Looks we can run the build via AppVeyor when it's on CRAN (see ARROW-3204).
We should remove the workarounds that I used to avoid CRAN check (see [SPARK-25981][R] Enables Arrow optimization from R DataFrame to Spark DataFrame #22954 (comment) and [SPARK-25981][R] Enables Arrow optimization from R DataFrame to Spark DataFrame #22954 (comment))

Next items (im going to investigate first before filing JIRAs):

Im gonna take a look if we can do this Spark DataFrame -> R DataFrame too
Also, I'm going to take a look for R native function APIs like lapply and gapply and see if we can optimize this
Before Spark 3.0 release, I will document this. Hopefully, we can get rid of both workaround I mentioned above and Arrow is on CRAN before this.

SparkQA · 2019-01-24T14:52:28Z

Test build #101633 has finished for PR 22954 at commit 66b120b.

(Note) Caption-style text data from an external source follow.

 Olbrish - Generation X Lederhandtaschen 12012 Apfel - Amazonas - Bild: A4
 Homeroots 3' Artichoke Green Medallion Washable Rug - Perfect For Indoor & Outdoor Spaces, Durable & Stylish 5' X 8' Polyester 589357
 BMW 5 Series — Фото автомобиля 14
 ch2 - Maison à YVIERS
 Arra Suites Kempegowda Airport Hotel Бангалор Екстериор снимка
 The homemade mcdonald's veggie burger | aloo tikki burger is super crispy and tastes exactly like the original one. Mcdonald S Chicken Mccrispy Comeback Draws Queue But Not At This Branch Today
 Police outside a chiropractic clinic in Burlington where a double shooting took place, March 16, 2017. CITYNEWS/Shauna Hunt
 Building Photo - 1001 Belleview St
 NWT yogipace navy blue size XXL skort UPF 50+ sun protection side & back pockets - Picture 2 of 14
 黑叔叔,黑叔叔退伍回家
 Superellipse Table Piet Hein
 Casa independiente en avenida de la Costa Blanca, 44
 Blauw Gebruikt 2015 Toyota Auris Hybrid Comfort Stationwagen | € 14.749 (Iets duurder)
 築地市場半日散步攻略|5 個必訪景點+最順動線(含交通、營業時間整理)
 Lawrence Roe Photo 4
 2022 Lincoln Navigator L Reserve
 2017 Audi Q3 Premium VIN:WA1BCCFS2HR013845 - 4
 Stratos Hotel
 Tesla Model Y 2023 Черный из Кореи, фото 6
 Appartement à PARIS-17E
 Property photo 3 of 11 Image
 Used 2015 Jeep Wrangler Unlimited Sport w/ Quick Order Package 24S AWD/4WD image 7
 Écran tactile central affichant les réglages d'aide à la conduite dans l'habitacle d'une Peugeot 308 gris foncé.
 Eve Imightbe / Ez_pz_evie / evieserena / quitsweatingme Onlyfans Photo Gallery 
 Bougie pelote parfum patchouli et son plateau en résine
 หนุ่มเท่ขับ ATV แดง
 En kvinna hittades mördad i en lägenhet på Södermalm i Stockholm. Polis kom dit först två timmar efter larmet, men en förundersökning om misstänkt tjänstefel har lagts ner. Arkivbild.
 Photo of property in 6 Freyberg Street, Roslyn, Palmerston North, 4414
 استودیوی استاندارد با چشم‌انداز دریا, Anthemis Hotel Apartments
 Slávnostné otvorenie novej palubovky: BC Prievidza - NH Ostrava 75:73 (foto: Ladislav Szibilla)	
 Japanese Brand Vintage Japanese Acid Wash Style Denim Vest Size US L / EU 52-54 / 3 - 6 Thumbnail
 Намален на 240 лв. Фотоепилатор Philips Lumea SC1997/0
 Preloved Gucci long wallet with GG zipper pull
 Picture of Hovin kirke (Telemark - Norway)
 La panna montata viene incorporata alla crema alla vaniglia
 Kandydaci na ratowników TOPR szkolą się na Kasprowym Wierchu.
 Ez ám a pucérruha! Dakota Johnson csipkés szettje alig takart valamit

This patch fails Spark unit tests.
This patch merges cleanly.
This patch adds no public classes.

SparkQA · 2019-01-24T14:57:46Z

Test build #101630 has finished for PR 22954 at commit 92eec4e.

This patch fails Spark unit tests.
This patch merges cleanly.
This patch adds no public classes.

SparkQA · 2019-01-24T18:13:57Z

Test build #101632 has finished for PR 22954 at commit 854c9d8.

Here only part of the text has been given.